Justification: In my case the CSVs had extra metadata headers bcs some other code that ingests them needed to know the dimensions beforehand and this is specified in the headers. I have also seen this practice in other specialized files like MatrixMarket format. These metadata lines are sometimes marked as comments but the escape symbol depends on use case.
Illustration:
1
# 3 3
,a,b
a,1,0
b,0,1
2
% MyCSV v1.4
% other metadata
% foo
,a,b
a,1,0
b,0,1
Proposal:
Since its a formatting issue and xsv is designed to be pipe friendly the best option maybe would be to add it to xsv format:
xsv format --skip 2
For the case of split; to output the metadata lines together with the output would not be universally a good idea since the metadata sometimes is related to the size and contents of the table before splitting. But the metadata of csv is not always file content related and is sometimes related to the version of the specialized CSV file format and other metadata that people have found useful to store inside the csv.
At the current state, if one would want to use xsv split
to split the files and fix the headers later it would be hard because xsv controls the chunk writing.
Maybe prewriting the header to the precreated chunk files would be an option but I believe then xsv split
would overwrite the files.
Making an append flag to xsv split
does not look logical.
Since xsv split
is already a sink function (is not pipeable) possible solutions are:
Silently add lines ignored with putative --skip
(Not ideal since code would have to track the skip lines and the header)
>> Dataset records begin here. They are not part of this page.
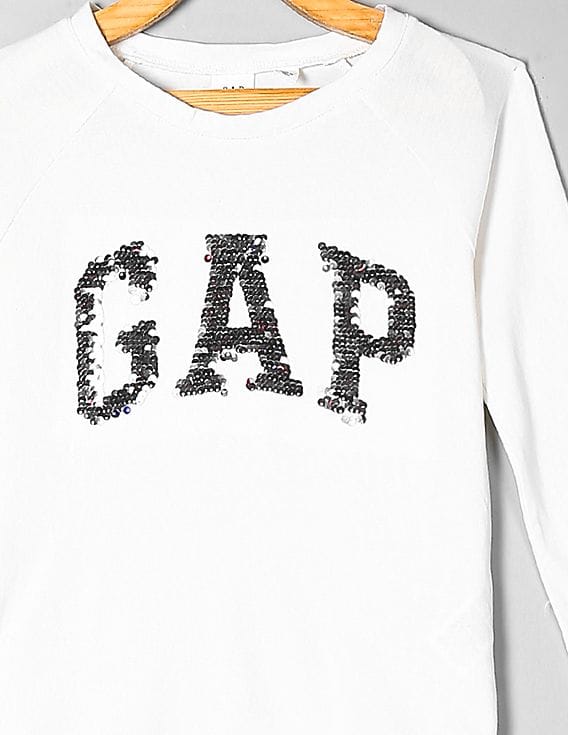 T-shirt Manches Longues 100% Coton GAP KIDS Fille - Blanc Taille XS (4-5 Ans) - Comme Neuf !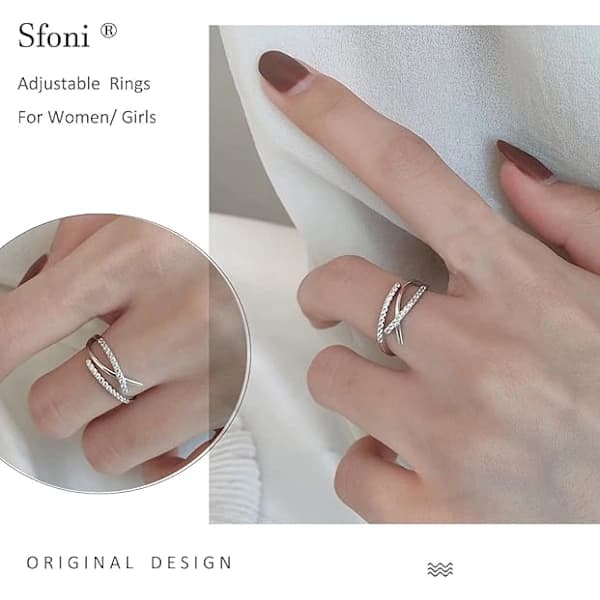 Oro Ringe til Kvinder Mænd, Hypoallergen Sterling Sølv Ring Justerbar Fidget Ringe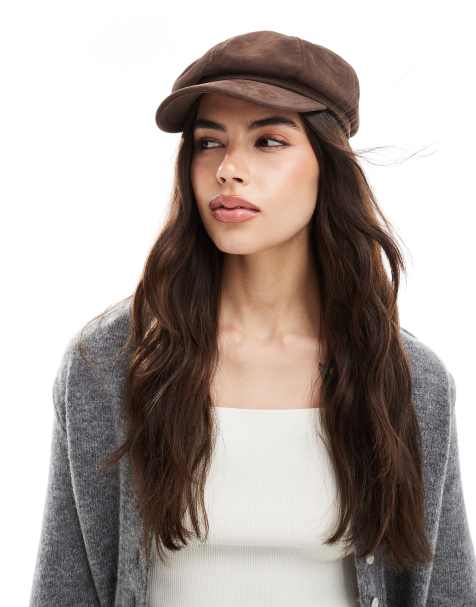 My Accessories - Casquette gavroche imitation daim - Marron - view 1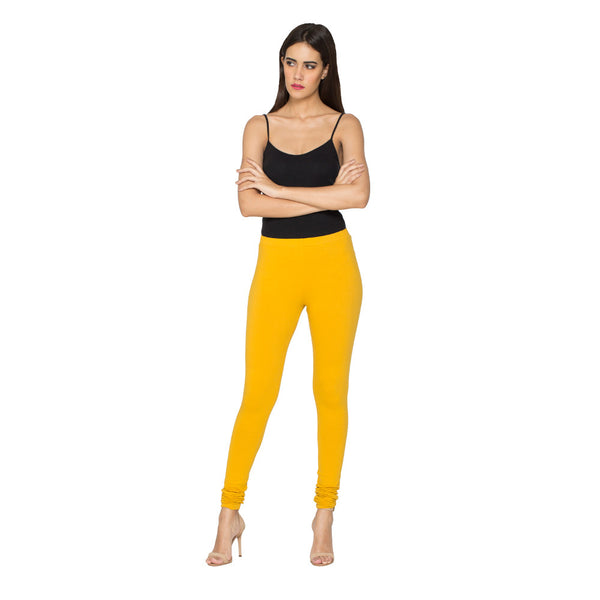 Libertina Yellow Solid Jersey Lycra Churidar Leggings for Women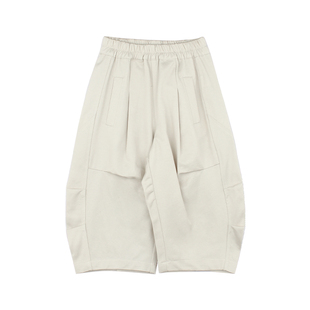 大耳象女童打褶纯色休闲裤2026春季新款宝儿弯刀百搭宽松长裤子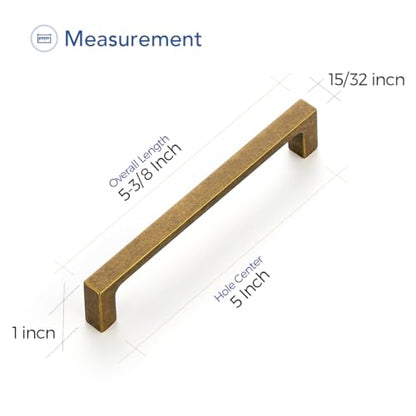Ravinte Antique Brass Cabinet Handles Solid Square Pulls 5 Inch 10 Pack - size: 5 Inch Hole Center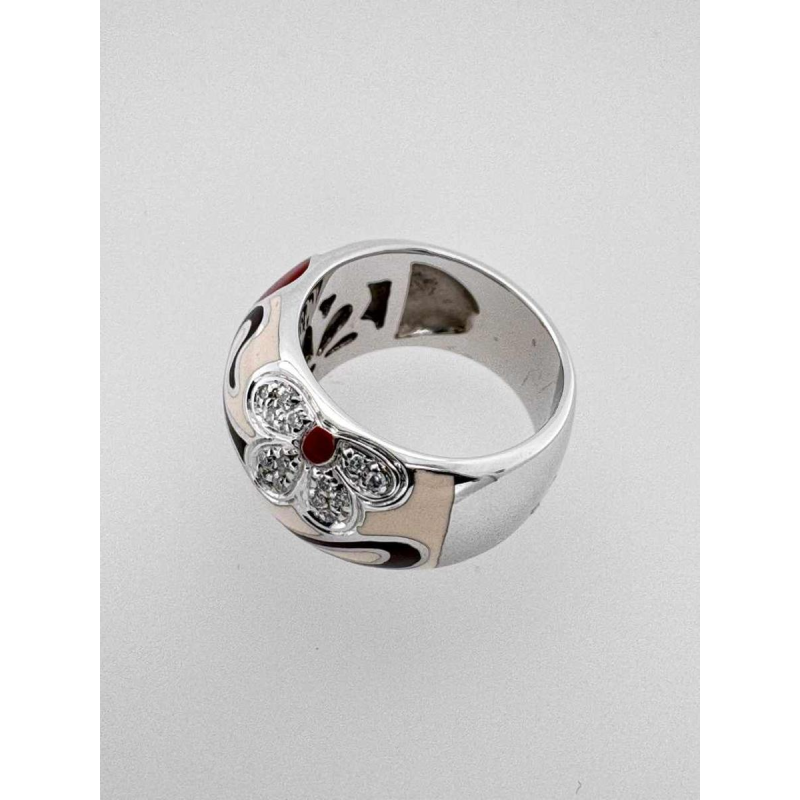 Bague or blanc 18ct avec diamants & émail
add a parameter --header-size that states the size of the header with metadata that msut be prepended (Also think is not most clean same problem as above)
My preferred solution
add a parameter --header-file
to xsv split
that points to the file that contains the header lines that have to be prepended to the chunks.
This allows the user a bit of control about the chunk creation.
Your workflow would be (using illustration 2):
SKIP=3
head -n $SKIP big.csv > metadata.tmp
xsv fmt --skip $SKIP | xsv foo | xsv foo | xsv split -s 1 --header-file metadata.tmp
TLDR; A command option to exclude the header line for CSV files that use headers incorrectly.
My apologies if this is a duplicate. I did search the issues but couldn't find anything. I work in an industry where CSV is the primary means for transferring data between industry participants. The irony being ALL the CSV files are invalid. The first line of the files don't describe the columns, they contain meta data. This causes almost all xsv commands to fail with "found record with 64 fields, but the previous record has 7 fields" errors. My proposal is to add a skip-header option. An enhancement to this could be to add dummy header labels possibly using the common spreadsheet method of using alpha labels. I know the fixlengths command offers a workaround, but it results in some not so pleasant output for other commands. I'm prepared to have a crack at this myself but first is there an appetite for adding this functionality?